(Stored data entries)
____________________

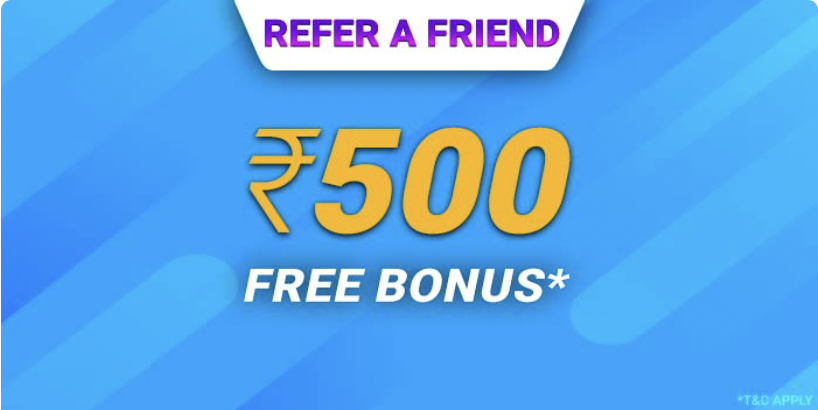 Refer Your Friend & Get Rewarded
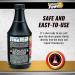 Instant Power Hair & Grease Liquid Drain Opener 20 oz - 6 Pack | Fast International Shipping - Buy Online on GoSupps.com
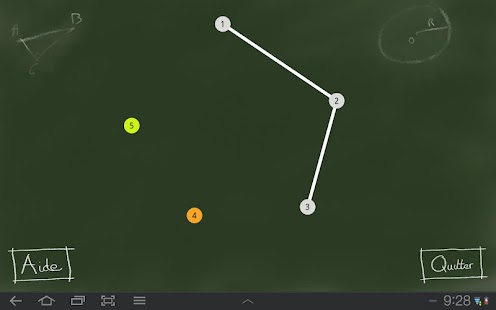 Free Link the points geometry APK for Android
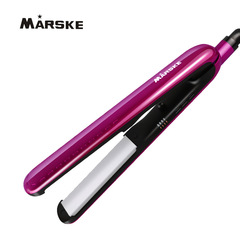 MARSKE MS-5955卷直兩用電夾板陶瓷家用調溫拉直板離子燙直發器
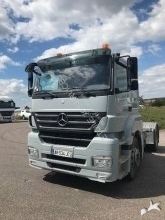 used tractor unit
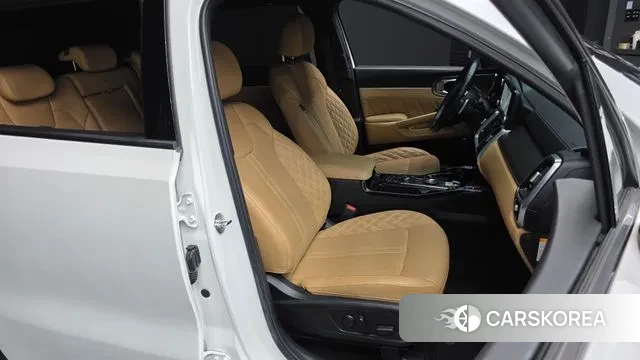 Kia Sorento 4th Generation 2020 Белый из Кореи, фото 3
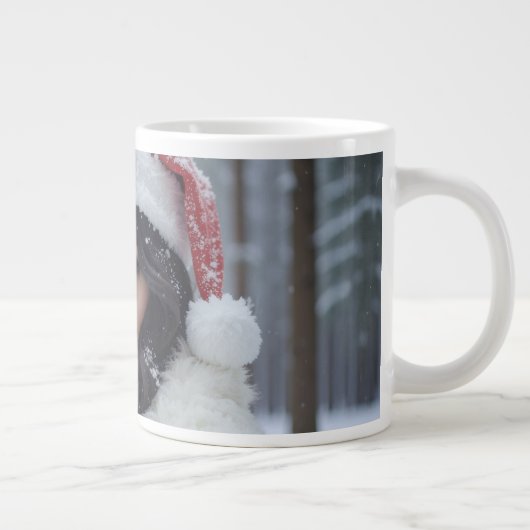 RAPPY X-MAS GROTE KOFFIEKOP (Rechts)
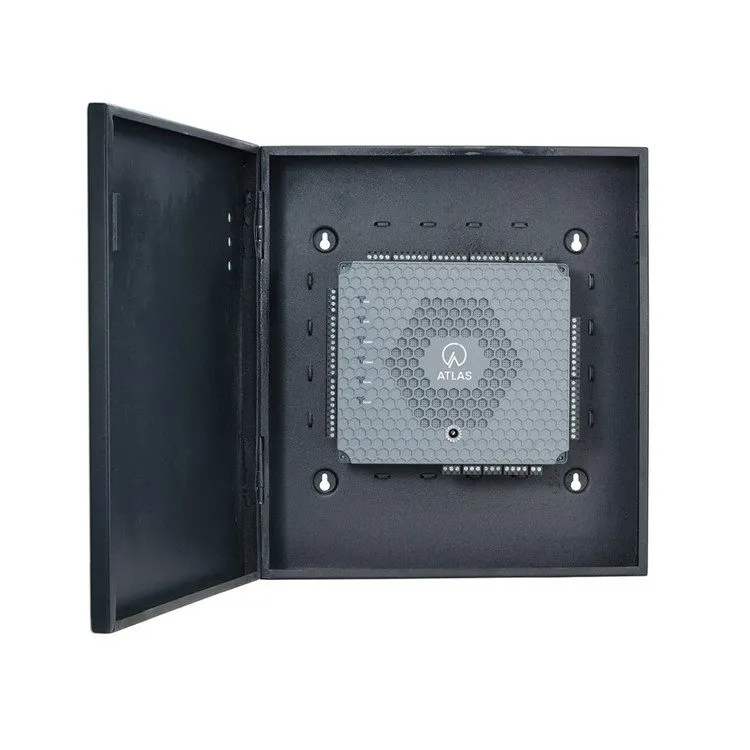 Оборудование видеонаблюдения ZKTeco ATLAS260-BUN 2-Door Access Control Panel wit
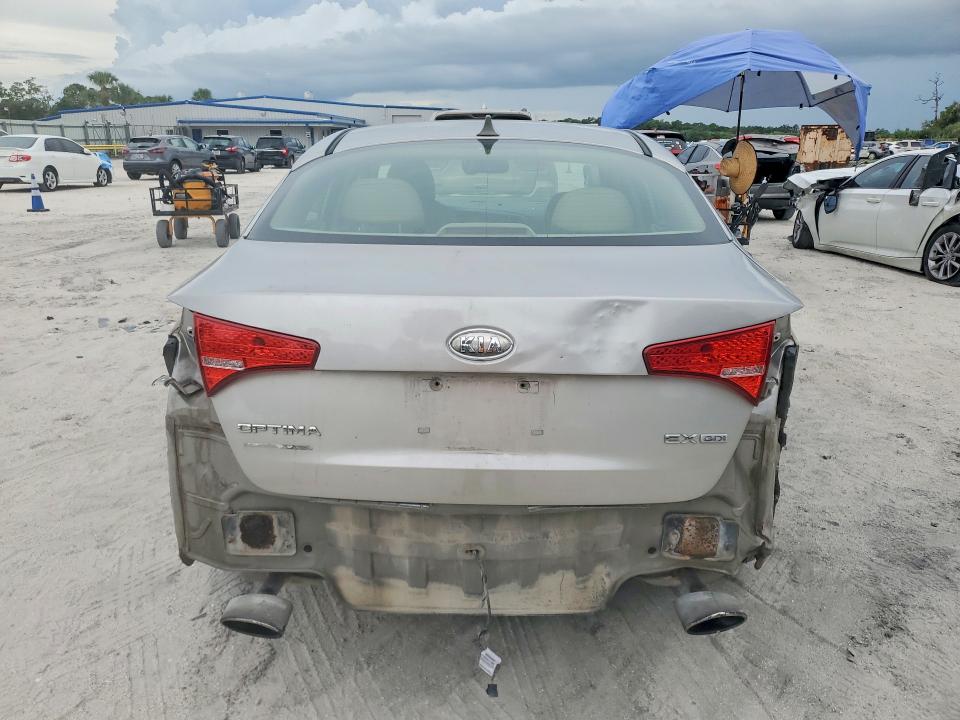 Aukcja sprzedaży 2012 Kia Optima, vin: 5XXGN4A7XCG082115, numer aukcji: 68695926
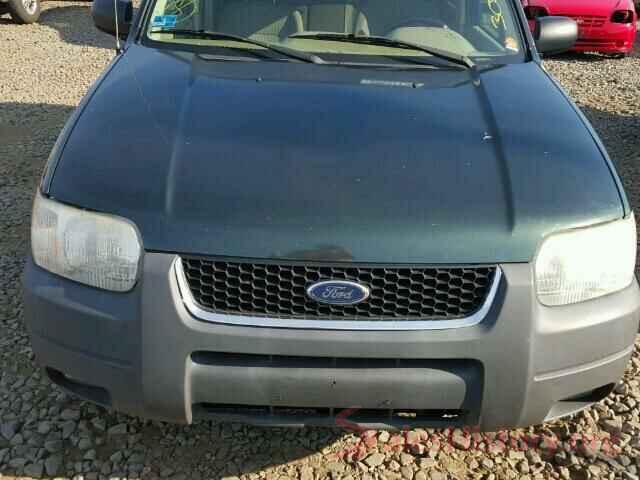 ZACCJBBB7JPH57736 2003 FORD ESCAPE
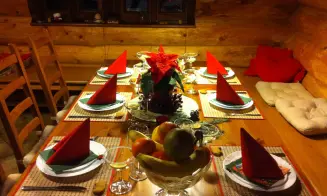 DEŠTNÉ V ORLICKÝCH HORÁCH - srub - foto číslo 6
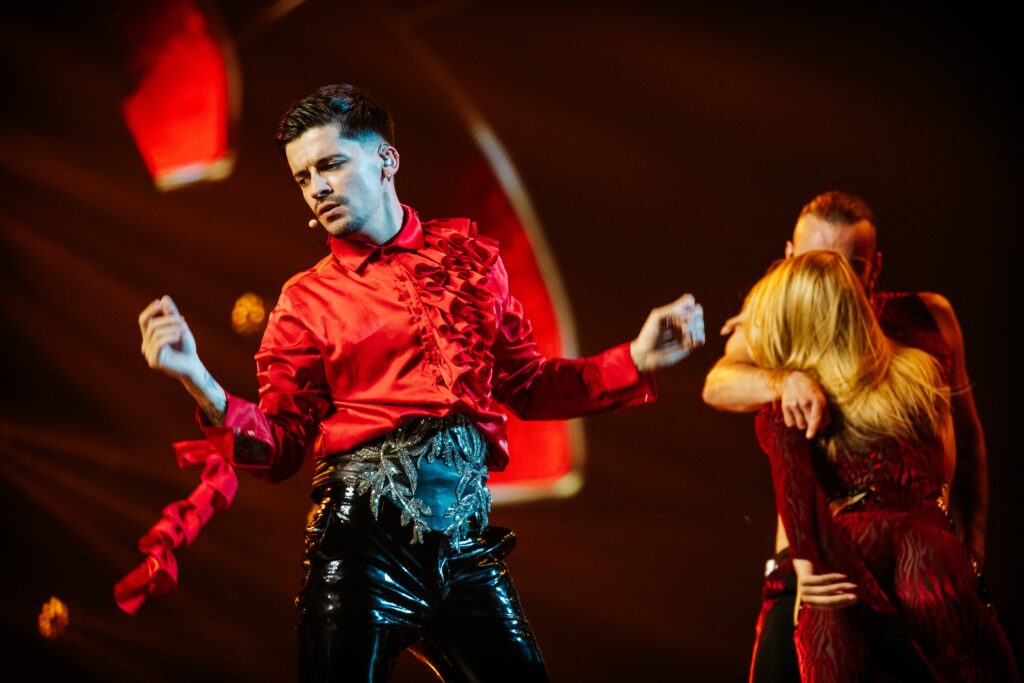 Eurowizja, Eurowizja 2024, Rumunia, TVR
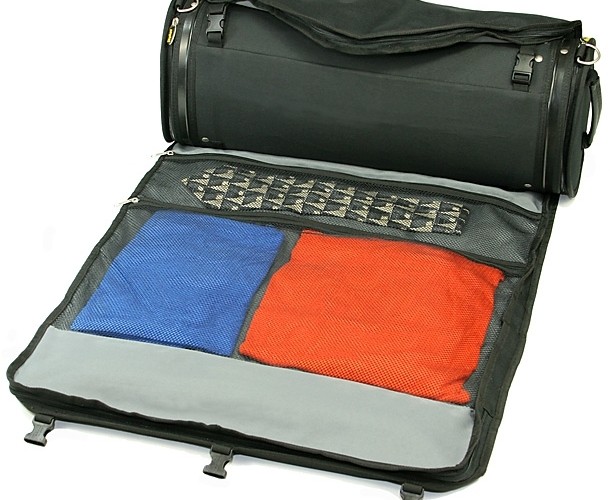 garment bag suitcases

____________________

Transcribe exactly, and only, the lines from the line with "Instant Power Hair" through the last line of the records, inclusive; the pictures do not belong in the copy.

**Reply to the task**
 Instant Power Hair & Grease Liquid Drain Opener 20 oz - 6 Pack | Fast International Shipping - Buy Online on GoSupps.com
 Free Link the points geometry APK for Android
 MARSKE MS-5955卷直兩用電夾板陶瓷家用調溫拉直板離子燙直發器
 used tractor unit
 Kia Sorento 4th Generation 2020 Белый из Кореи, фото 3
 RAPPY X-MAS GROTE KOFFIEKOP (Rechts)
 Оборудование видеонаблюдения ZKTeco ATLAS260-BUN 2-Door Access Control Panel wit
 Aukcja sprzedaży 2012 Kia Optima, vin: 5XXGN4A7XCG082115, numer aukcji: 68695926
 ZACCJBBB7JPH57736 2003 FORD ESCAPE
 DEŠTNÉ V ORLICKÝCH HORÁCH - srub - foto číslo 6
 Eurowizja, Eurowizja 2024, Rumunia, TVR
 garment bag suitcases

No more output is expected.